You can customize the pipeline by:
- Modifying the
config.yml
for different parameters or paths. - Adding or removing job scripts in the
jobs
directory. - Updating the
launcher.sh
script to include/exclude jobs as needed.
This configuration file serves as the central settings repository for the data pipeline.
-
RESOLUTION: The spatial resolution of the data, in meters. Set to
30
for 30-meter resolution. -
WINDOW_SIZE: The dimension size for splitting datasets into smaller windows. For instance, a window size of
256
would create 256x256 pixel windows. -
DST_CRS: The Coordinate Reference System to be used for output datasets, specified as an EPSG code.
-
TARGET_EXTENT: The geographical extent for output datasets. This specifies the bounding box for processing data.
-
TARGET_VARIABLE: The variable of interest in the datasets.
-
MODULES: Lists the software modules required for the pipeline, which will be loaded before processing.
-
WORK_DIR: Specifies the main working directory. This is where all processing will take place.
-
PYTHON_ENV: Path to the Python virtual environment to be used.
-
RAW_DATA: Directory containing the raw input data.
-
DATA_DIR: Directory where processed data will be stored.
-
SHAPEFILE: The path to a shapefile used in the processing, in this case, specifying the Amazon biome borders.
-
LOG_DIR: Directory where log files will be stored.
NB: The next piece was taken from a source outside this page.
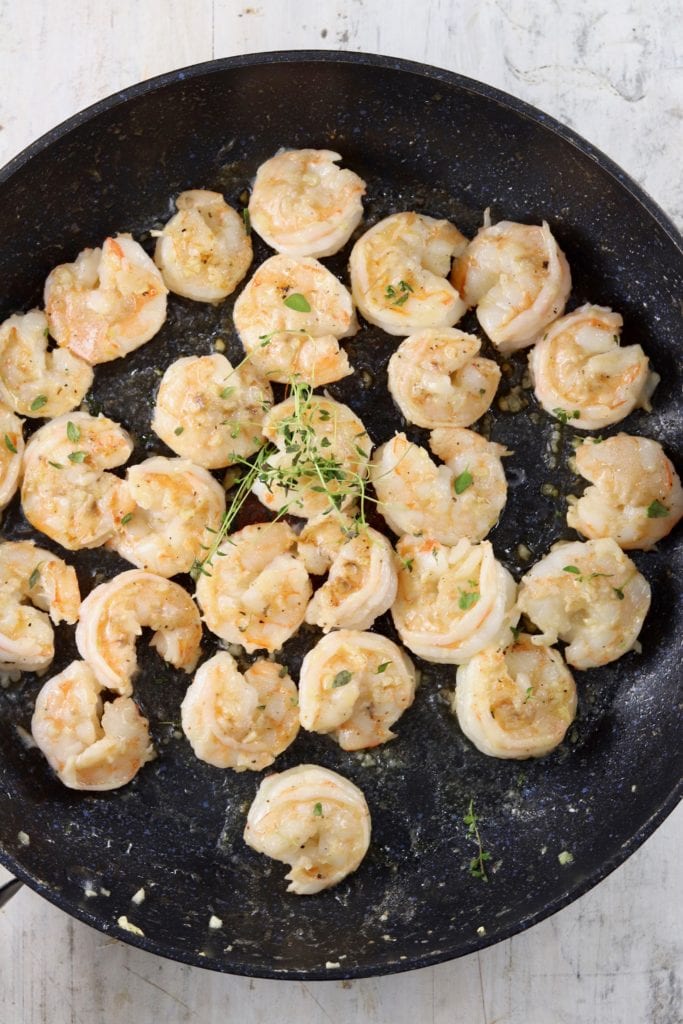 Garlic butter shrimp in a skillet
It helps in tracking the progress and debugging if needed.
- DEFAULT: Contains default settings for running tasks on a SLURM cluster.
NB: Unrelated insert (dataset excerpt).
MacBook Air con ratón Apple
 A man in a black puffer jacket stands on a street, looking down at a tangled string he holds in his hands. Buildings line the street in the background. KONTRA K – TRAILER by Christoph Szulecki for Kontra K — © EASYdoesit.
- NODES: The number of nodes to be used for SLURM jobs.
- NTASKS: Number of tasks to run.
- CPUS_PER_TASK: Specifies how many CPUs will be used per task.
- RUN_TIME: Maximum allowed runtime for the SLURM job.
- MEM_PER_CPU: Memory allocated per CPU.
Detailed settings and paths for each of the tasks/jobs in the pipeline:
- standardize_tifs: This job processes raw data to standardize TIF files.
- stack_xtest: Stacks different layers of data together.
- sample_deforestation: Samples tiles from areas that have undergone deforestation.
- proximity: Calculates proximity measurements for specified features.
- cut_tiles_distributed: Splits larger datasets into smaller tiles, distributed across resources.
- clip_tifs: Clips TIF files based on a specified shape or boundary.
- calculate_global_stats: Computes global statistics for the datasets over the years specified.
Each job section contains specific settings such as log file locations, input data paths, and output directories.
To ensure that the pipeline runs smoothly, it is imperative to periodically review and update the config.yml
file, especially when introducing new datasets or changing directory structures.